What you need to do: Print the lines exactly. Start at the first line of the material below, end with the line that contains "Hello, I'm Jamie", and skip all pictures.
----- Material for this exercise
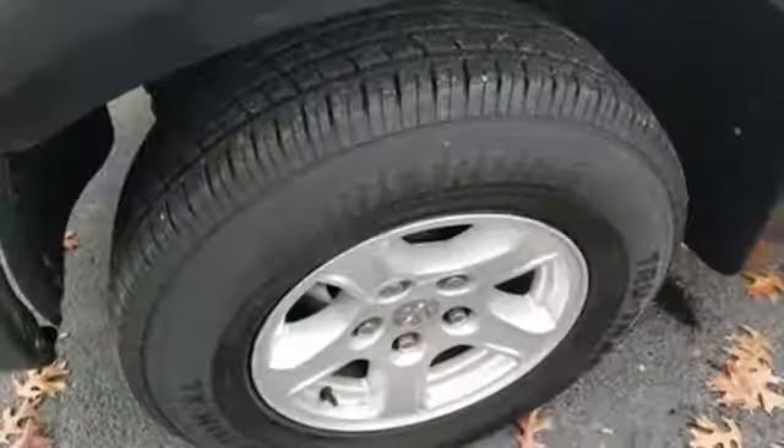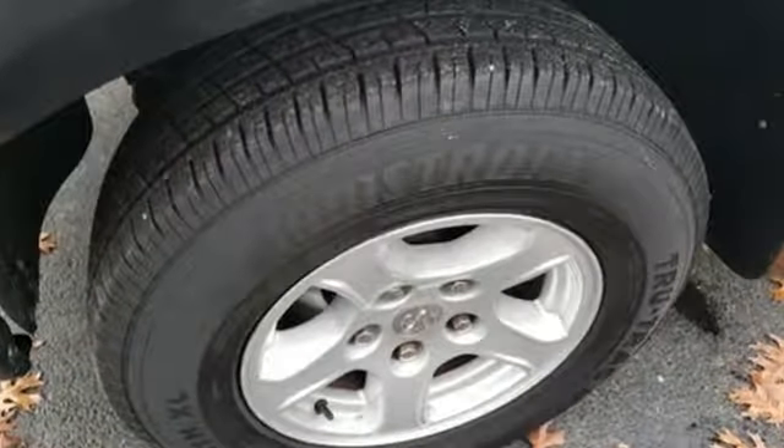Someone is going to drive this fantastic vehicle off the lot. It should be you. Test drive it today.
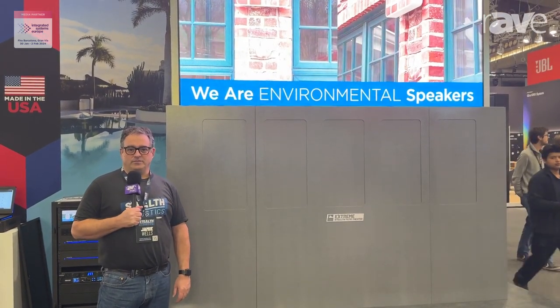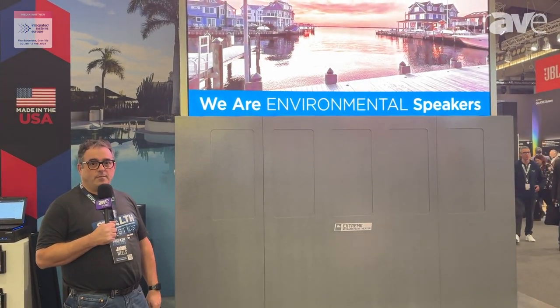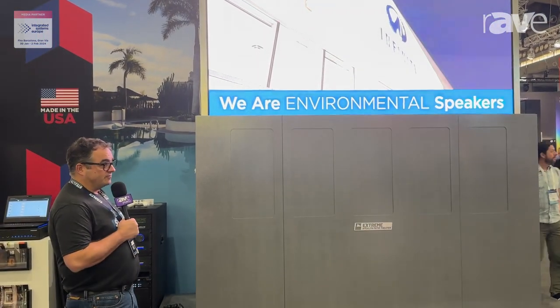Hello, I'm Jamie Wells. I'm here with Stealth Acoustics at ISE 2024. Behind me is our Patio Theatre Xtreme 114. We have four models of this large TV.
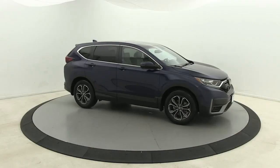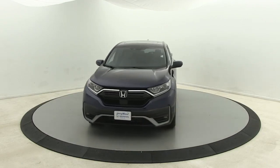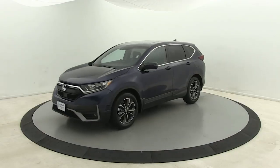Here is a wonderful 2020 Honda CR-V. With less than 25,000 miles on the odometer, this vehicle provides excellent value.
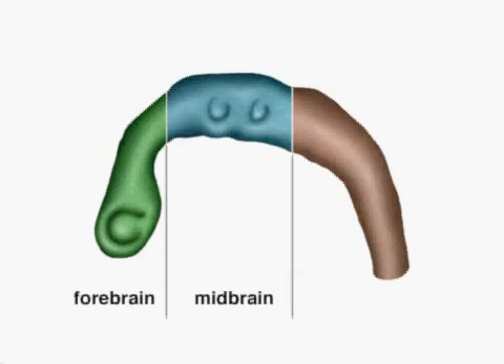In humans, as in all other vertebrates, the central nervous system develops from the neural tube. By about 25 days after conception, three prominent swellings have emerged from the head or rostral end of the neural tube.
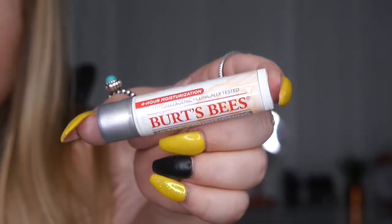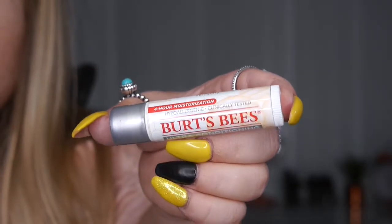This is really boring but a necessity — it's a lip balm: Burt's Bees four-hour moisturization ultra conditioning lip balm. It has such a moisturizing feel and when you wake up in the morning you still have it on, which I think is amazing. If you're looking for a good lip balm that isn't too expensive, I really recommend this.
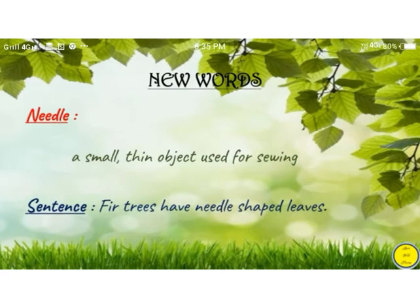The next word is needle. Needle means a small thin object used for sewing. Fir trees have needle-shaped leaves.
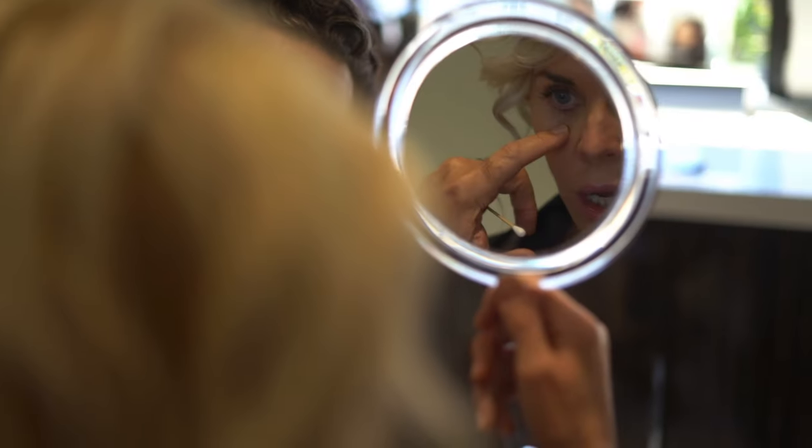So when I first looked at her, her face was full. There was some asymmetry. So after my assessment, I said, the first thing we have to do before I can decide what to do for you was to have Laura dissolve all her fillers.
----------
Solution for this exercise:
Someone is going to drive this fantastic vehicle off the lot. It should be you. Test drive it today.
Hello, I'm Jamie Wells. I'm here with Stealth Acoustics at ISE 2024. Behind me is our Patio Theatre Xtreme 114. We have four models of this large TV.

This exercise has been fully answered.